The expedition’s science programme has been completed and many of the scientists – including Dr Evans – have now bid a fond farewell to the S.A. Agul has II as it heads to the Endurance wreck site.
Dr Evans carried out extensive research into ice-mass and environmental change in the Arctic and Antarctic and participated and co-led the coring work on Larsen-C.
He said: “Much of our time has been spent along the edge of the Larsen-C Ice Shelf where science operations involved repeated oceanographic measurements of the water column adjacent to the ice shelf to determine the volume and rate of fresh, cold ice-shelf water formation due to the melting of the ice shelf base and the intrusion of relatively warmer water masses from the Weddell Sea under the ice shelf.

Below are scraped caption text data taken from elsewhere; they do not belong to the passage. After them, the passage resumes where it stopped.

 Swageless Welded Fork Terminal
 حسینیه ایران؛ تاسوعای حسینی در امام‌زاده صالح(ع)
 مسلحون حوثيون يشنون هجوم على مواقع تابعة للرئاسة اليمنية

“We also continued to core sea-floor sediments along the front of the Larsen-C Ice Shelf.
“Coring of sediments in the region has proved a challenge with many coring attempts failing.”

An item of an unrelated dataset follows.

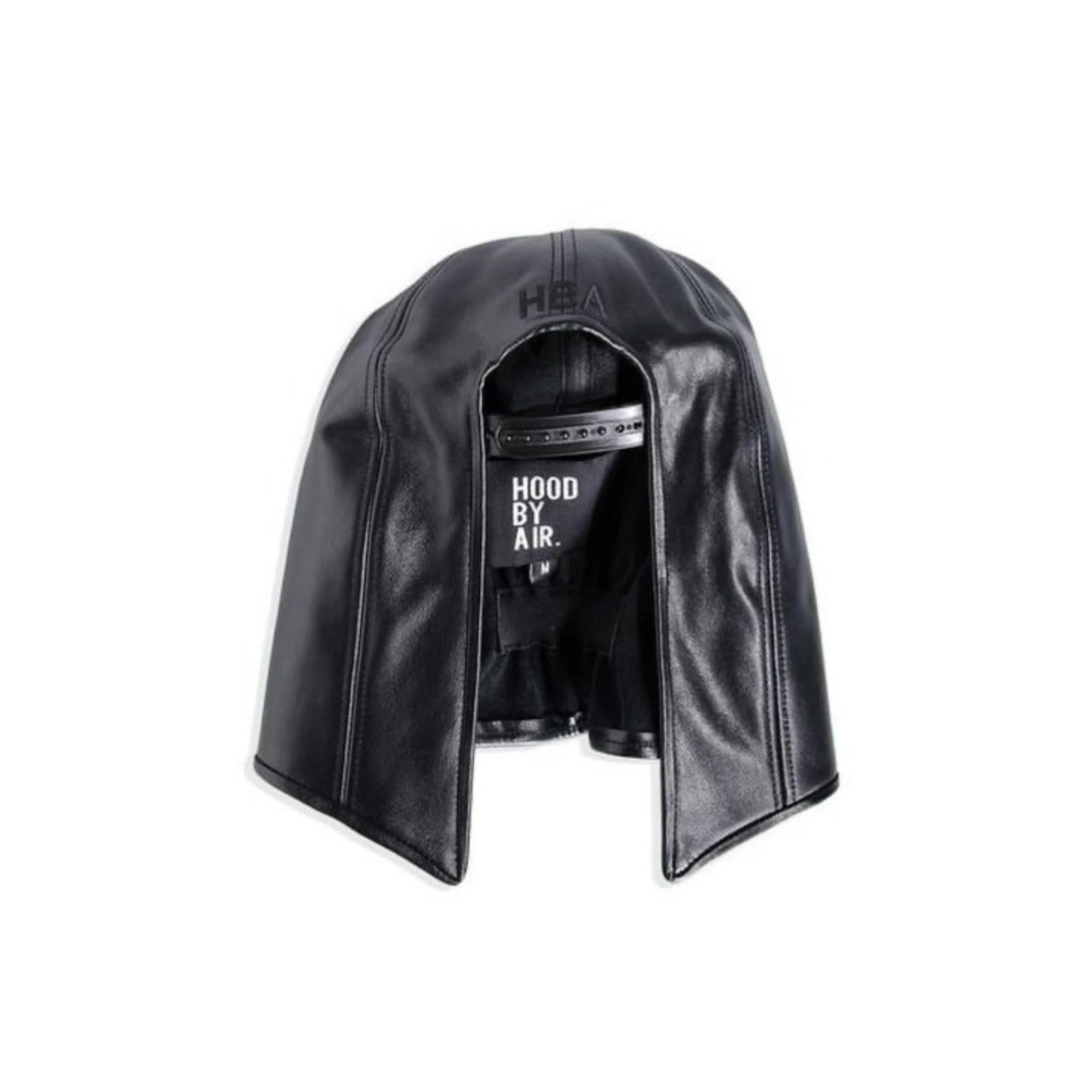 Rare Hood by Air HBA Opium Playboicarti Top Leather Armor Hat Street Style Adjustable round Top Cap Unisex Breathable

During his trip they used two autonomous underwater vehicles (AUV) and their downward and upward looking swath systems to image the underside of sea-ice floes and sea-floor areas inaccessible to the ship.
AUV surveys of the underside of a range of ice-floes were undertaken in order to measure the roughness or irregularity and depth of the sea ice base.
AUV surveys of the underside of seaice floes are not without their challenges.
He said: “It was during the survey of a multi-year sea-ice floe (ice thickness of 20–30m) that the AUV terminated its mission due to an error and it surfaced under the ice floe and became trapped in an ice cavity rather than surfacing in open water.
“This meant that the ship had to carefully and incrementally break the ice floe in order to get closer to the trapped AUV.”
Dr Evans said the favourable sea-ice conditions next to the Larsen-C Ice Shelf changed towards the end of the planned science time.
He said: “Prolonged easterly to southeasterly winds caused the dense pack ice to spill around the northern end of A68 and to start filling the open water between the iceberg and the ice shelf edge.
“Therefore, the science programme at the Larsen-C Ice Shelf was curtailed a day earlier than originally planned, and instead, our science efforts were switched to the more partially sea-ice covered waters of the Larsen-B and Larsen-A areas to the north.”
The ship is currently headed to the Endurance wreck site where technicians from Ocean Infinity, Deep Ocean Search and Eclipse will undertake the search.
The search for the wreck is expected to be extremely challenging in terms of negotiating the ice and deploying and recovering the AUV.
The sea-floor in the Endurance wreck search area is mainly flat, so any ship wreck or associated debris should stand out, and the cold oxygen-poor waters will prevent decay or rotting of the ship’s wooden hull.